TASK STATEMENT: Leave out the pictures and repeat exactly the lines from the one containing "Cartofi dați pe răzătoare cu smântână" through the final line of the listing below.

RECORDED INFORMATION:
====================

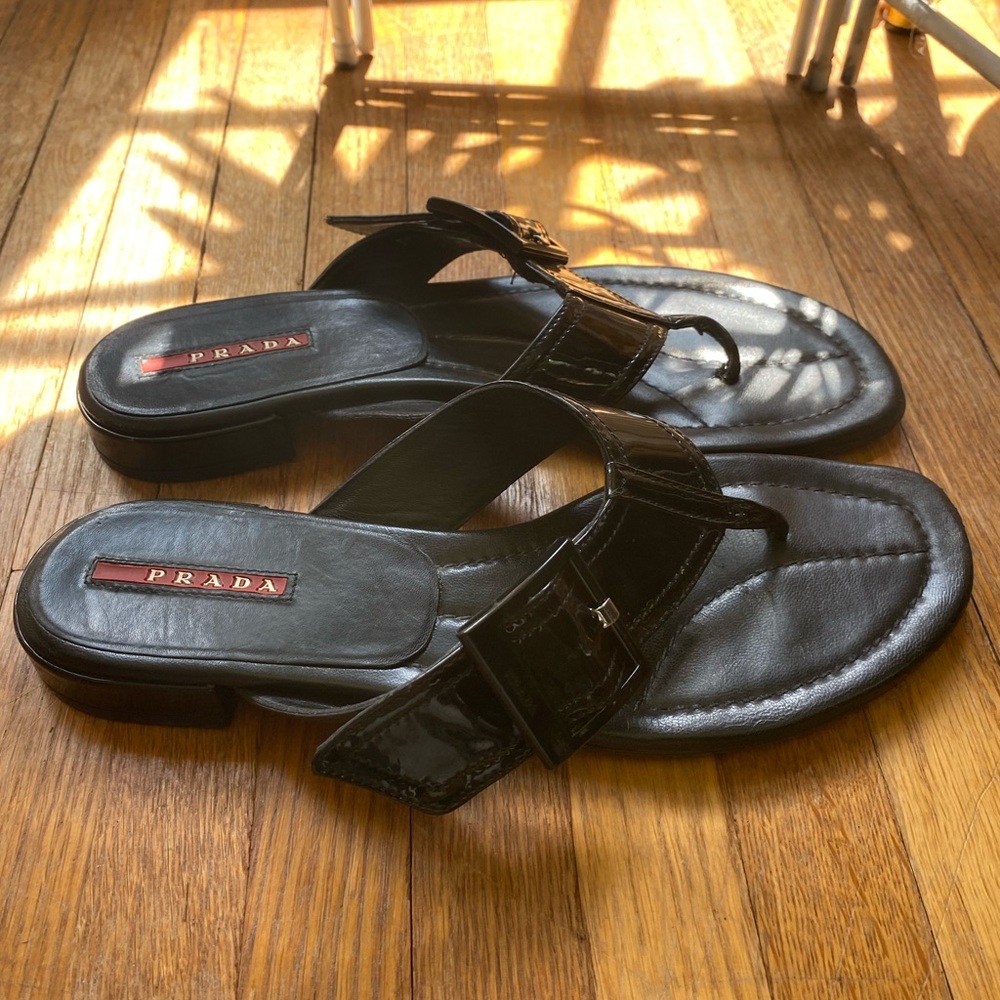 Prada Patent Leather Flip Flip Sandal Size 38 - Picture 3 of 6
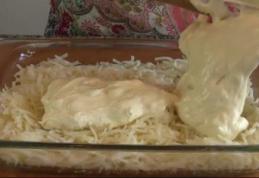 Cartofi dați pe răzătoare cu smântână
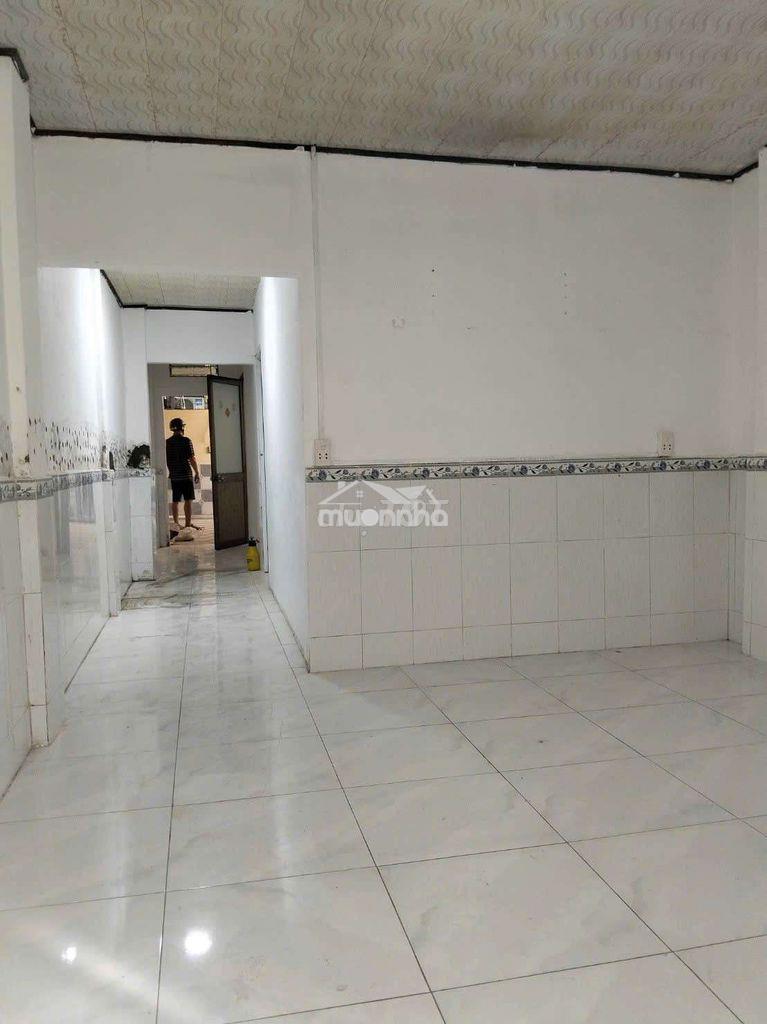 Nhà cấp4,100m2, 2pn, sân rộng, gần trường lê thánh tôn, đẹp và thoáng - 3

====================

RESPONSE BOX:
 Cartofi dați pe răzătoare cu smântână
 Nhà cấp4,100m2, 2pn, sân rộng, gần trường lê thánh tôn, đẹp và thoáng - 3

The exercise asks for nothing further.